Richard Glover was an English poet and politician.

Life

The son of Richard Glover, a Hamburg merchant, he was born in London and educated at Cheam in Surrey.
In 1739 he became one of the founding governors for the Foundling Hospital, a charity dedicated to saving children from the plight of abandonment. The success of Glover's Leonidas led him to take an interest in politics, and in 1761 he entered parliament as member for Weymouth and Melcombe Regis. Glover was one of the reputed authors of the Letters of Junius; but his claims, advocated in 1825 by Richard Duppa, are slight.

Works

He wrote in his sixteenth year a poem to the memory of Sir Isaac Newton, which was prefixed by Henry Pemberton to his View of Newton's Philosophy, published in 1728.
In 1737, he published an epic poem in praise of liberty, Leonidas, which was thought to have a special reference to the politics of the time; commended by the prince of Wales and his court, it soon passed through several editions.
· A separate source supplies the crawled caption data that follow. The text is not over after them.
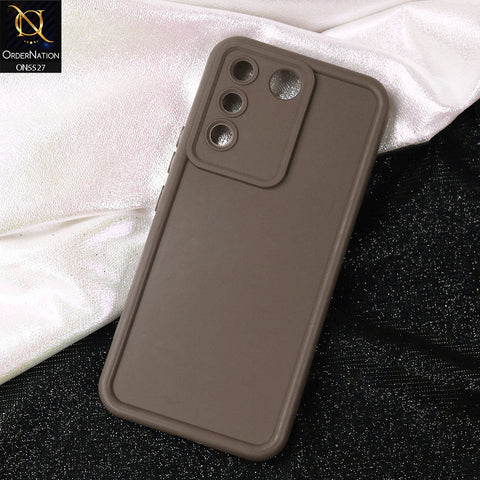 Vivo V27e Cover - Brown -Soft Silicone Case With Round Bumper Matte TPU Shockproof Cover
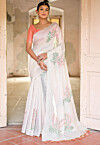Woven Cotton Saree in Off White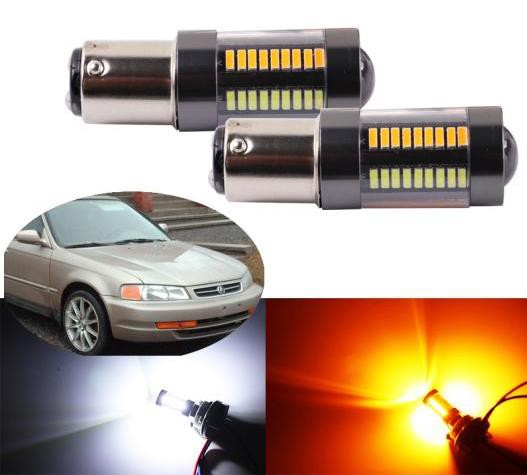 AL 2 × 1157 BAY15D デュアルカラーホワイト アンバースイッチバック 66-SMD LED ライトターンシグナル バルブ アキュラ EL 1997-2005 AL-BB-1574の通販は
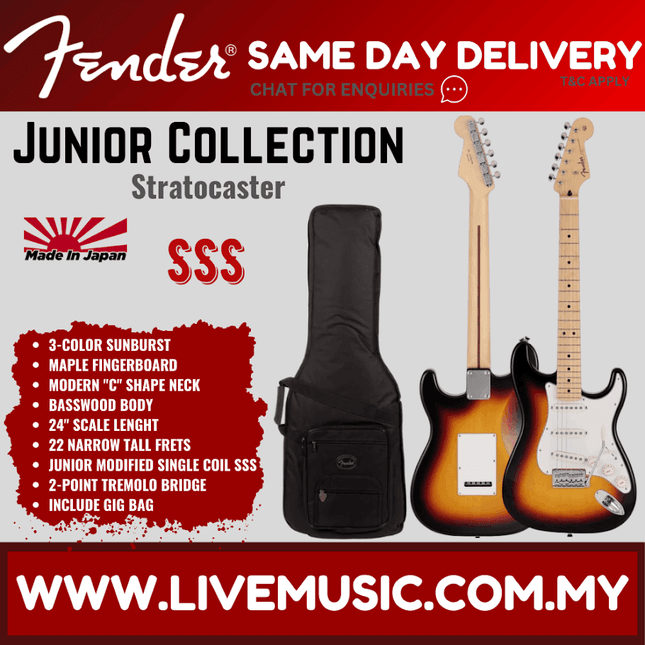 Fender Japan Junior Collection Stratocaster Electric Guitar, Maple FB, 3-Color Sunburst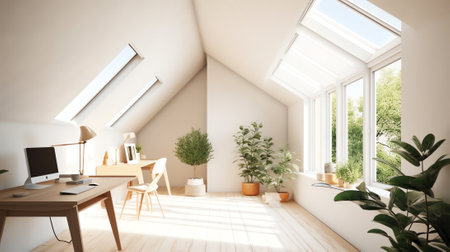 Generative AI sunny white loftの素材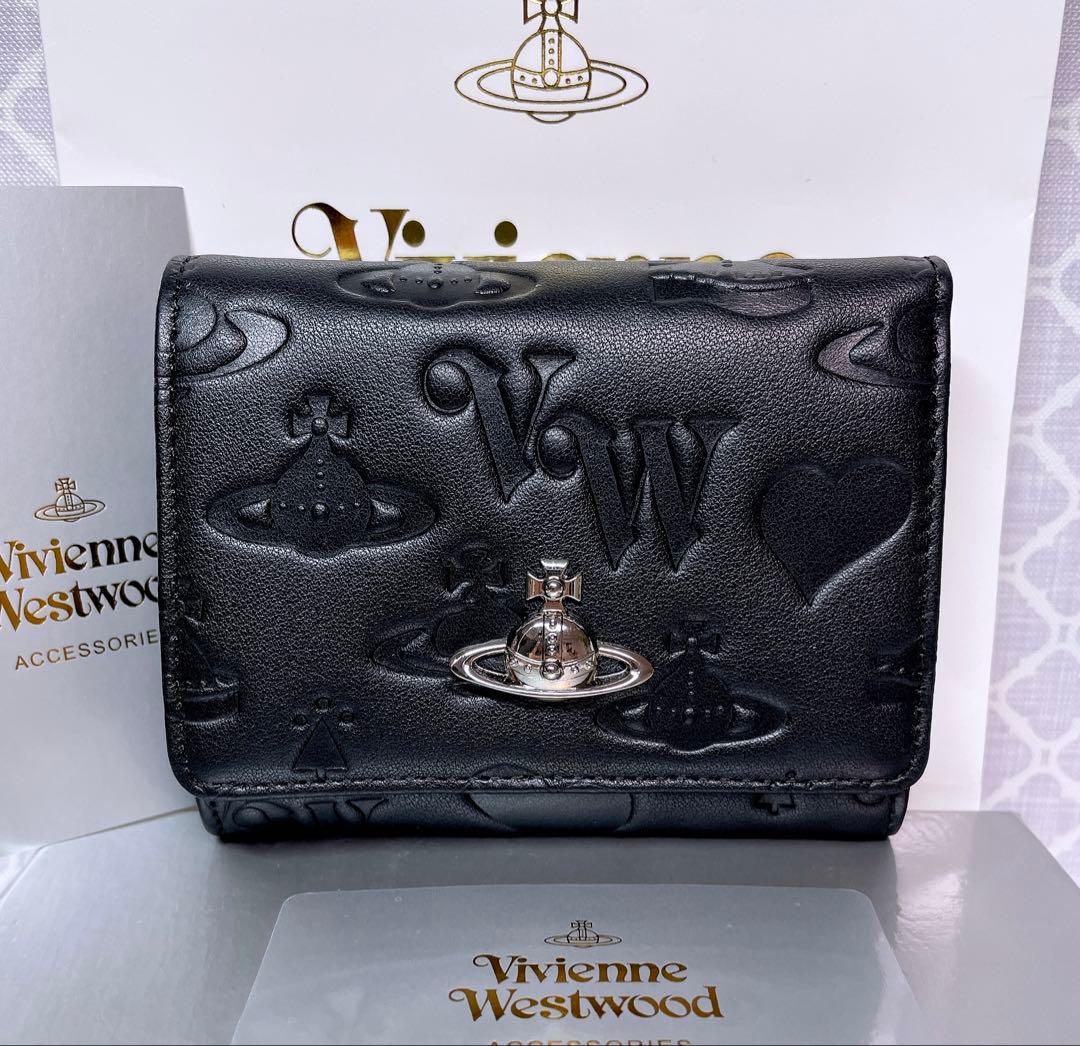 【新作✩内柄も素敵】Vivienne Westwood 三折財布 マットブラック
In 1739, Glover published a poem entitled London, or the Progress of Commerce; and in 1740 he published a ballad, Admiral Hosier's Ghost, popular in its day. The ballad's real target was not the Spanish but Sir Robert Walpole.
He was also the author of two tragedies, Boadicea and Medea, written in close imitation of Greek models. The Athenaid, an epic in thirty books, was published in 1787, and his diary, entitled Memoirs of a distinguished literary and political Character from 1742 to 1757, appeared in 1813.
In May 1774, shortly after the death of Oliver Goldsmith, Glover published his "Authentic Anecdotes" on the poet in The Universal Magazine. Edmund Burke included the piece in The Annual Register for that year, and when Edmond Malone in 1776 worked on a biographical memoir for Poems and Plays by Oliver Goldsmith he based it on Glover's Anecdotes as well as first-hand information from Dr. Thomas Wilson, Senior Fellow at Trinity College, Dublin.